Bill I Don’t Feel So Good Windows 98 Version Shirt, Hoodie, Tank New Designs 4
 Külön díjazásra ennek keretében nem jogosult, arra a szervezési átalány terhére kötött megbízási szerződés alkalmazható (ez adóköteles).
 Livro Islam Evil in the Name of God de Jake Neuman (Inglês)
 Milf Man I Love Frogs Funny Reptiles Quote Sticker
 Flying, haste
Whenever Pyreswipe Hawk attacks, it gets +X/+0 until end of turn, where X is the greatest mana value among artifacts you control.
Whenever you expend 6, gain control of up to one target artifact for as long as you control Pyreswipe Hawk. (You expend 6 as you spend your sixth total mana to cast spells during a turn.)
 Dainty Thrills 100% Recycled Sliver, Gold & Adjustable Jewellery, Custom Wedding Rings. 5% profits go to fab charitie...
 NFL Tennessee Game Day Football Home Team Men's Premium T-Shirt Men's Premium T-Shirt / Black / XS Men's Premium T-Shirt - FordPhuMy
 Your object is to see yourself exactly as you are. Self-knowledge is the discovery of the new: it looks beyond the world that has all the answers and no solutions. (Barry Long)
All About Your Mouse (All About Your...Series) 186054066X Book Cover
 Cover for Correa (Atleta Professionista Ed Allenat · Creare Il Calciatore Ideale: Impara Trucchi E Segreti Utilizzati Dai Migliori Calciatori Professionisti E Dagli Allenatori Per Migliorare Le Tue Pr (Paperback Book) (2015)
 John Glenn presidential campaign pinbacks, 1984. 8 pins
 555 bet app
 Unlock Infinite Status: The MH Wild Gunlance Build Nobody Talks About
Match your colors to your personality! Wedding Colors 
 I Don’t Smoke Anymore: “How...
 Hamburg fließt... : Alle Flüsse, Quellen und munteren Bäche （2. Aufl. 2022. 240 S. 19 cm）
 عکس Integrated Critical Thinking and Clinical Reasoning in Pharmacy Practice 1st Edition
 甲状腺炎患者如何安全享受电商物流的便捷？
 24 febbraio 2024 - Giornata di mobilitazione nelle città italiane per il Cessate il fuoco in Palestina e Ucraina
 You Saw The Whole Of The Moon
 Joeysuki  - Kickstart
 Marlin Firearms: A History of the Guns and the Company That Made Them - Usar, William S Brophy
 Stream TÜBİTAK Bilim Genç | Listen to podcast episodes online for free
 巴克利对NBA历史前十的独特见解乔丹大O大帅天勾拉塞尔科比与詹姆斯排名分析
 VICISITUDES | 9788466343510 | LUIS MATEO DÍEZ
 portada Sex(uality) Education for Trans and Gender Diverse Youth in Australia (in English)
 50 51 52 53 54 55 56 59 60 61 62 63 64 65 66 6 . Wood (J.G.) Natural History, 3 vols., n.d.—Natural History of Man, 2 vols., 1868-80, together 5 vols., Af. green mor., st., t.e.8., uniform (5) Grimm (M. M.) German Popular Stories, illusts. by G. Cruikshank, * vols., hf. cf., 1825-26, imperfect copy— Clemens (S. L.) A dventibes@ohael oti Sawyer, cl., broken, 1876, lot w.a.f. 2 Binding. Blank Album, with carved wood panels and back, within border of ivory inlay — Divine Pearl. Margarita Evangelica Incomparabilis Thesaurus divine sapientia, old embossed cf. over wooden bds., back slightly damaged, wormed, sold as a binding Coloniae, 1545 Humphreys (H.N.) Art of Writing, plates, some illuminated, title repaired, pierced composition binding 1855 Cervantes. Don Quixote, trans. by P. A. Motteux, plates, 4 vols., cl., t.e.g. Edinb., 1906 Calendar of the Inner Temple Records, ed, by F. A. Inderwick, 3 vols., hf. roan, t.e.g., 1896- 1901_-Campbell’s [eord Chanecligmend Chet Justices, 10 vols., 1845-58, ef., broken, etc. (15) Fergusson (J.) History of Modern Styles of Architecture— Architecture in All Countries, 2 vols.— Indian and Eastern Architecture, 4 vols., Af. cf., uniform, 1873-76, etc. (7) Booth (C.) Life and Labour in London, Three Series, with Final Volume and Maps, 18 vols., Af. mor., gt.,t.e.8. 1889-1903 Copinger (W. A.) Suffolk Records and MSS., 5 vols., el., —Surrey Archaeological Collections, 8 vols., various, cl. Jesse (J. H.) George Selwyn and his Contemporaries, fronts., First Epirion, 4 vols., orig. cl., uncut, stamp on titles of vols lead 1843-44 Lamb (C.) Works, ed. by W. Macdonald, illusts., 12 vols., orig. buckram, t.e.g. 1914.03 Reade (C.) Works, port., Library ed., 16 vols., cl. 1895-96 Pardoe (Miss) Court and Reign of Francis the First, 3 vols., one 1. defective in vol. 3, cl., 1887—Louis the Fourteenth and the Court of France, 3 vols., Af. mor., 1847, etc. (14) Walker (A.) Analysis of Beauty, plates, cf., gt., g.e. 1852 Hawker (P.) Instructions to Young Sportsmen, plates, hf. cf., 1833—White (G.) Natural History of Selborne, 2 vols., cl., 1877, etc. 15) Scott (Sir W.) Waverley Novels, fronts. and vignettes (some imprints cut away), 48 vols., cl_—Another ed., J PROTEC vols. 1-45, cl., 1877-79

═══

### ASSIGNMENT
Only the lines above from the line containing "John Glenn presidential" through the line containing "portada Sex(uality) Education" should be retyped, exactly and with both ends included.

### SOLUTION FOR THIS PROBLEM
 John Glenn presidential campaign pinbacks, 1984. 8 pins
 555 bet app
 Unlock Infinite Status: The MH Wild Gunlance Build Nobody Talks About
Match your colors to your personality! Wedding Colors 
 I Don’t Smoke Anymore: “How...
 Hamburg fließt... : Alle Flüsse, Quellen und munteren Bäche （2. Aufl. 2022. 240 S. 19 cm）
 عکس Integrated Critical Thinking and Clinical Reasoning in Pharmacy Practice 1st Edition
 甲状腺炎患者如何安全享受电商物流的便捷？
 24 febbraio 2024 - Giornata di mobilitazione nelle città italiane per il Cessate il fuoco in Palestina e Ucraina
 You Saw The Whole Of The Moon
 Joeysuki  - Kickstart
 Marlin Firearms: A History of the Guns and the Company That Made Them - Usar, William S Brophy
 Stream TÜBİTAK Bilim Genç | Listen to podcast episodes online for free
 巴克利对NBA历史前十的独特见解乔丹大O大帅天勾拉塞尔科比与詹姆斯排名分析
 VICISITUDES | 9788466343510 | LUIS MATEO DÍEZ
 portada Sex(uality) Education for Trans and Gender Diverse Youth in Australia (in English)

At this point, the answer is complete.